Last Updated on September 30, 2020 by rob
15 years after the expiration of South Korea’s Statute of Limitations, after which a criminal can no longer be legally charged with his crime, the handsomely boyish Lee Du-seok publishes his autobiography in which he confesses to the murder of 10 teenage girls in such detail his guilt appears unarguable. Watching with impotent rage is Detective Choi (Jeong Jae-yeong), the cop who once nearly caught the killer, plus assorted parents of the murdered children who together hatch an intricate plan to abduct Lee Du-seok from under the nose of his bodyguards and exact gruesome revenge.
In fact the above synopsis doesn’t even cover the first act and what subsequently transpires after Du-seok challenges Detective Choi to a live television debate features some gobsmacking plot twists that upend everything we’ve been led to believe. This South Korean genre smash has more twists than the proverbial twisty thing. And if that’s all this had going for it Confession of Murder would be easy to dismiss as just business as usual. You know, flashy and gimmicky but otherwise unremarkable. But the film infuses its revenge plot with a powerful emotional undercurrent, some truly jaw-dropping action scenes (especially a dazzlingly choreographed cat and mouse game between Lee Du-seok and his abductors on the bonnet of Detective Choi’s car as it barrels down a motorway at 70mph!) and such a playful sensibility with the material it’s hard to resist.
Each of the parents, led by Kim Young-ae’s scarily intense Mother, gets their moment to shine and Byeong-gil’s script is especially clever in the way it only slowly parcels out the links between Detective, vengeful parents and victims, deepening the web of connections between all the characters but only revealing the full picture right at the end. It’s an indication of the strength of this hugely entertaining pic that key scenes carry even more power once one reflects back on them.
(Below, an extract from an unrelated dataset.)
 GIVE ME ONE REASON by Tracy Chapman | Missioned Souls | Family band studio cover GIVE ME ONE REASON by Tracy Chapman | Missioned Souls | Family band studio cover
For example, when the bereaved parents kidnap Lee Du-seok, Detective Choi quickly acts to rescue him from their clutches, a move that seems downright baffling given his hatred of a killer he not only failed to catch 15 years earlier, but who left him with an ugly knife scar down his face for his trouble.
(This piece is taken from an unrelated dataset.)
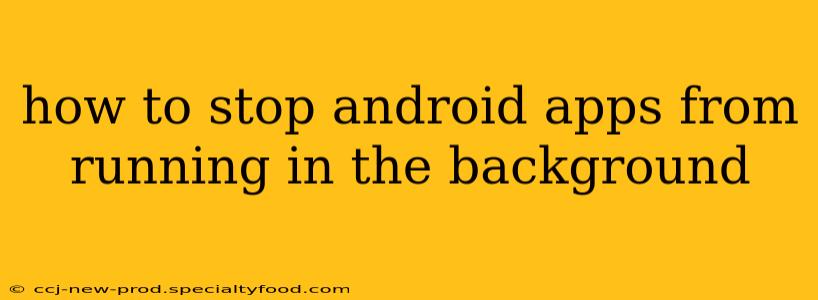 how to stop android apps from running in the background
You’d think Choi would want this scumbag dead just like they do. But by the time the full picture is revealed you realise just why Du-seok had to be rescued and it’s not at all what you might at first suppose. There’s no Grand Statement in Confession of Murder but the thrillingly visceral action sequences and insane plotting (the killer is one nasty, sneering piece of work with a personal connection to the tormented Detective Choi concealed until late in the game) are matched by a depth of emotion from the characters that pulls you in really deep. The final scene in which a certain character (no clues!) is released from prison to be warmly welcomed by what seems like virtually the entire cast embodies the power of this movie; it’s depiction of people shattered by evil yet finding in each other the strength to fight back and win through. Great stuff.